In a review of a mostly French program with the New York Philharmonic from March 1947, Thomson takes the guest conductor to task for the “Romantic liberties” he permitted himself in interpreting the works of Debussy and Ravel. The performance of the former’s Ibéria, Thomson argued, “sacrificed color to dynamics, and metrics to accent.”
“This was all disappointing from a conductor who has been both a first-class musician and a Frenchman long enough to know better,” the review continued.
It is remarkable enough that the conductor coming under Thomson’s withering criticism was none other than Charles Munch, whose stylish recordings are considered models of French orchestral performance. But even more remarkable was the conductor whom Thomson praised as Munch’s superior in the rendering of French music: Wilhelm Furtwängler.

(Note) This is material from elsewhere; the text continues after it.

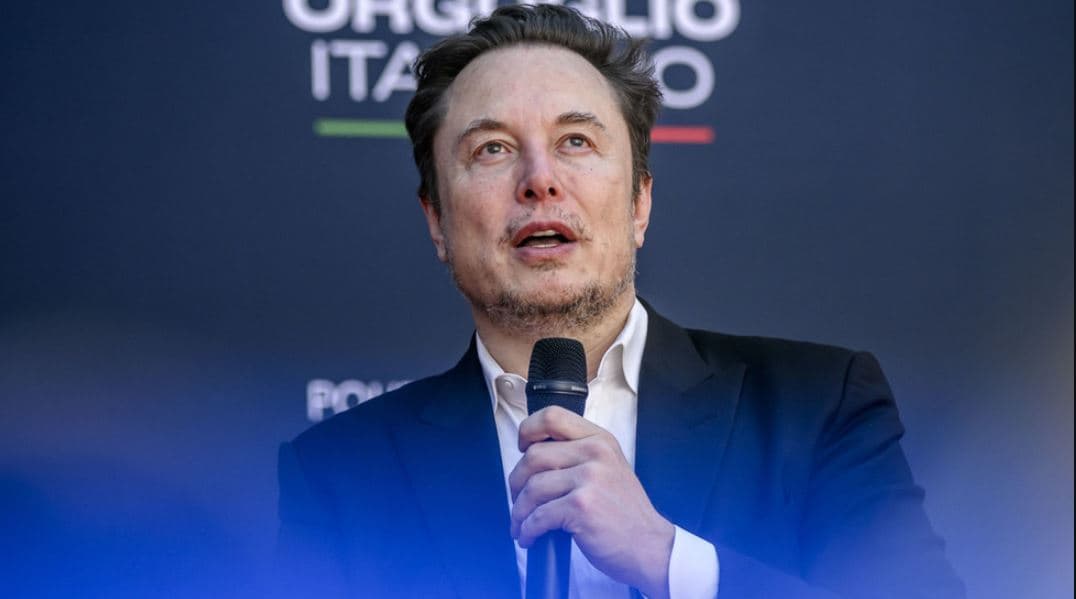 Musk: Çipat në tru do të zëvendësojnë telefonat në të ardhmen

“[Munch] certainly plays French music better than any of the German conductors now working in Germany,” Thomson opined. “Though many a German not now working in Germany, Furtwängler included*, has had a sounder understanding of the French Impressionist style.”
This opinion wasn’t an anomaly in Thomson’s critiques. Elsewhere in the collection, one finds other instances of the critic’s high regard for Furtwängler’s performances of French music; at one point ranking his excellence in this repertoire alongside that of Pierre Monteux’s, referring to them both as “magical.”
The German conductor is, of course, famous for his recordings of Austro-German music. However, his surviving discography hardly suggests the breadth of his repertoire, which even in his late years included Bartók (tapes of a Swiss broadcast of the Concerto for Orchestra existed at some point, but were destroyed), Korngold, and Shostakovich. Nor does it suggest the affinity he apparently did feel for Debussy, whom he regarded as a “modern Schumann.” This is borne out in his notebooks, even if his esteem for the composer is at times mingled with personal misgivings.
In his blistering (and, frankly, jealous) critique of a Toscanini concert in Berlin, Furtwängler’s most passionate outburst against his rival is reserved not for his performances of Haydn and Beethoven, but for his rendering of Debussy’s La mer.
“[Toscanini’s] even, primitive, and unintellectual manner so consistently, and with such a naïve lack of awareness, ignored Debussy’s sensitive tonal language, that one could only wonder why he performed the work at all,” Furtwängler jotted down in a notebook entry from 1930.
Unfortunately, little evidence remains of Furtwängler’s persuasiveness in the French repertoire. Yet what is extant does appear to corroborate Thomson’s opinions.
A live Berlin Philharmonic performance in Italy of the first two movements of Debussy’s Nocturnes is among these precious few testimonials. One would think that the dark and sometimes rough blend typical of Furtwängler’s sound would have been a poor fit for Debussy. Instead, the results are startlingly revelatory. Rarely does one hear the sense of gauzy, pregnant mystery, the dazzling juxtapositions in tone color in “Nuages” and “Fêtes” that one finds here. Debussy’s smoky part writing seamlessly wends before the listener, emerging from the darkness before it nearly imperceptibly retreats into it again. The effect is almost that of a music permanently imprinted into the air, only awaiting the moment for a listener to step in momentarily to draw it in. Whereas so many contemporary orchestral performances of Debussy renders his art into staid prose, here his music is delivered as the hushed, ecstatic poetry it certainly must be.
“The Germans are rather messy when they play their own music,” Thomson wrote in another review earlier in the 1940s. “Some are excellent with French music; Furtwängler, for instance.” Listening to this Debussy broadcast, one can only agree—and deeply regret the typecasting that the conductor was subjected to by EMI and Deutsche Grammophon.
(*: When Thomson wrote this review in 1947, a number of Germany’s most famous conductors had still not been able to resume their public careers pending the outcomes of their respective de-Nazification tribunals.)